Tomber amoureux n'est pas du tout la chose la plus stupide que font les gens — mais la gravitation ne peut en être tenue pour responsable.

  • (en) Falling in love is not at all the most stupid thing that people do — but gravitation cannot be held responsible for it.
  • Albert Einstein, The Human Side: New Glimpses From His Archives, Albert Einstein, Helen Dukas (dir.), Banesh Hoffmann (dir.) (trad. Wikiquote), éd. Princeton University Press, 1981 (ISBN 0691023689), p. 56


Le temps nous est compté, dit la sagesse populaire. Oui, mais en quelle monnaie ? Ajoute Albert Einstein.

  • Propos explicatif de la notion de relativité et donc d'inexistence de temps ou d'espace absolu, fer de lance de la pensée newtonienne.


Pour châtier mon mépris de l'autorité, le destin a fait de moi une autorité.


L'unique différence entre une épouse et une putain, c'est que la première, grâce à des conditions de vie plus agréables, est capable d'extorquer à l'homme un contrat pour la vie.

  • Propos prêtés à Albert Einstein dans une lettre à Mileva Maric, sa première épouse, en 1901.


L'imagination est plus importante que la connaissance.
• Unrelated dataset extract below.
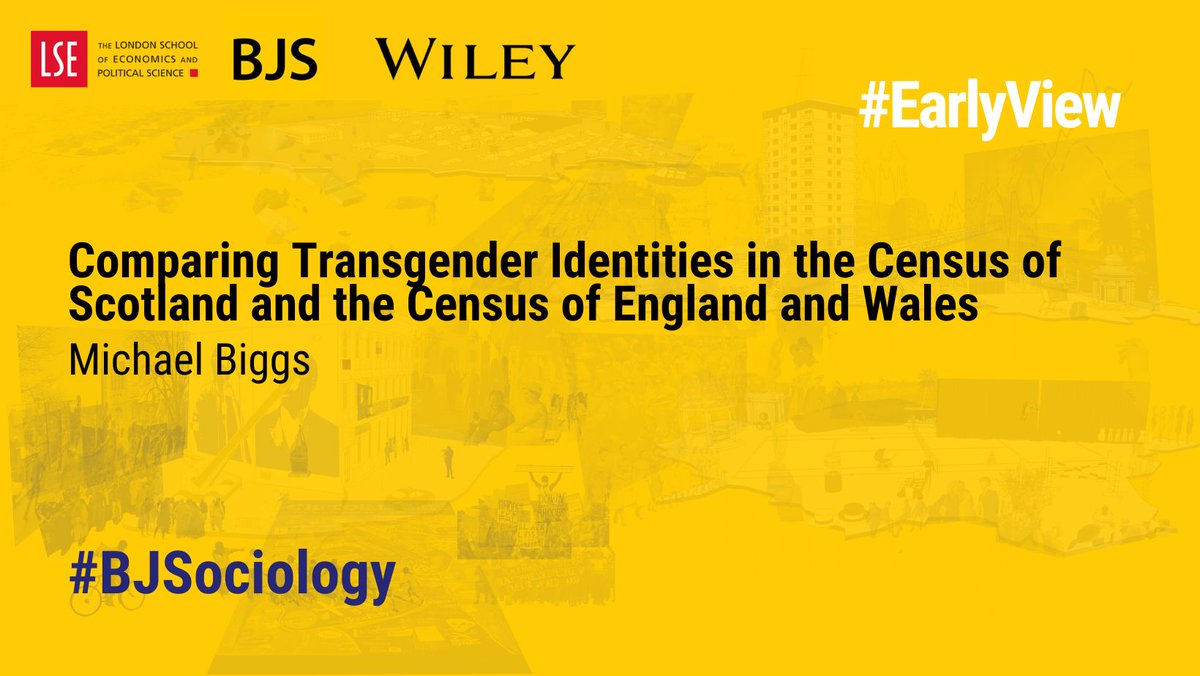 BJSociology's tweet image. The most recent British census was the first to elicit transgender identity. This research note considers the difference between the results of the English and Welsh 2021 Census and the Scottish 2022 Census.

#EarlyView in #BJS ➡️ buff.ly/PpnElU6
La connaissance est limitée alors que l'imagination englobe le monde entier, stimule le progrès, suscite l'évolution.

  • (en) Imagination is more important than knowledge. For knowledge is limited, whereas imagination embraces the entire world, stimulating progress, giving birth to evolution.
  • « What Life Means to Einstein », George Sylvester Viereck, The Saturday Evening Post, 26 October 1929, p. 17


L'homme et sa sécurité doivent constituer la première préoccupation de toute aventure technologique.
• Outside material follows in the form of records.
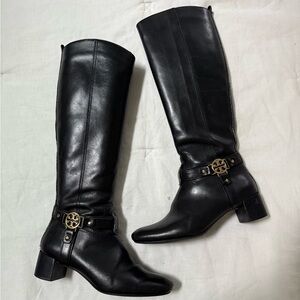 Tory Burch Black Leather Donovan Riding Boot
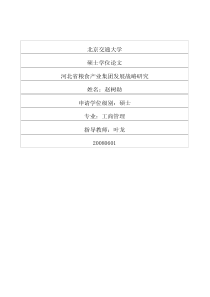 河北省粮食产业集团发展战略研究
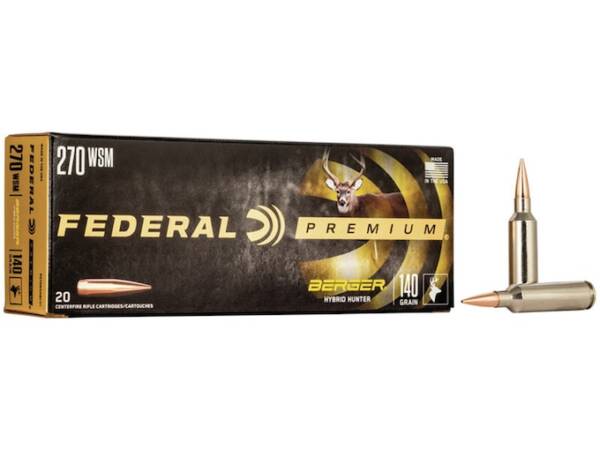 Federal Premium 270 Winchester Short Magnum (WSM) Ammo 140 Grain Berger Hybrid Hunter Jacketed Hollow Point Box of 500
  • « Prévention des risques professionnels », Ingénieurs hygiène et sécurité des établissements d'enseignement supérieur, Ministère de l’Éducation nationale, actualisation d'un manuel édité en juin 1998, p. 1


A quoi ressemblerait la physique sans la gravitation ?

  • Les trous noirs (1987), Jean-Pierre Luminet, éd. Pierre Belfond, coll. Sciences, 1988 (ISBN 2-7144-2039-7), p. 130


La relativité, 1956[modifier]

On trouve difficilement en physique une loi plus simple que celle de la propagation de la lumière dans le vide. Tout écolier sait ou croit savoir que la lumière se propage en ligne droite avec une vitesse de 300000 km/s. Nous savons en tout cas avec une grande exactitude que cette vitesse est la même pour toutes les couleurs.

  • La relativité (1956), Albert Einstein (trad. Maurice Solovine), éd. Payot & Rivages, coll. Petite bibliothèque Payot, 1981 (ISBN 2-228-88254-2), p. 33


Le non-mathématicien est saisi d'un frisson mystique quand il entend parler de "quatre dimensions"... Et pourtant, rien n'est plus banal que l'affirmation que le monde dans lequel nous vivons est continuum d'espace-temps à quatre dimensions. L'espace est un continuum à trois dimensions ; cela veut dire qu'il est possible de déterminer la position d'un point (immobile) au moyen de trois nombres (coordonnées) x, y, z (...) Le monde spatio-temporel est composé d'événements individuels dont chacun est déterminé par quatre nombres, à savoir trois coordonnées d'espace x, y, z et une coordonnée de temps t (...) Nous avons pris l'habitude de traiter le temps comme un continuum indépendant. En effet, d'après la mécanique classique le temps est absolu, c'est-à-dire indépendant de la position et de l'état de mouvement du système de référence (...) Grâce à la Théorie de la relativité, la conception du monde à quatre dimensions devient tout à fait naturelle, puisque d'après cette théorie, le temps est privé de son indépendance.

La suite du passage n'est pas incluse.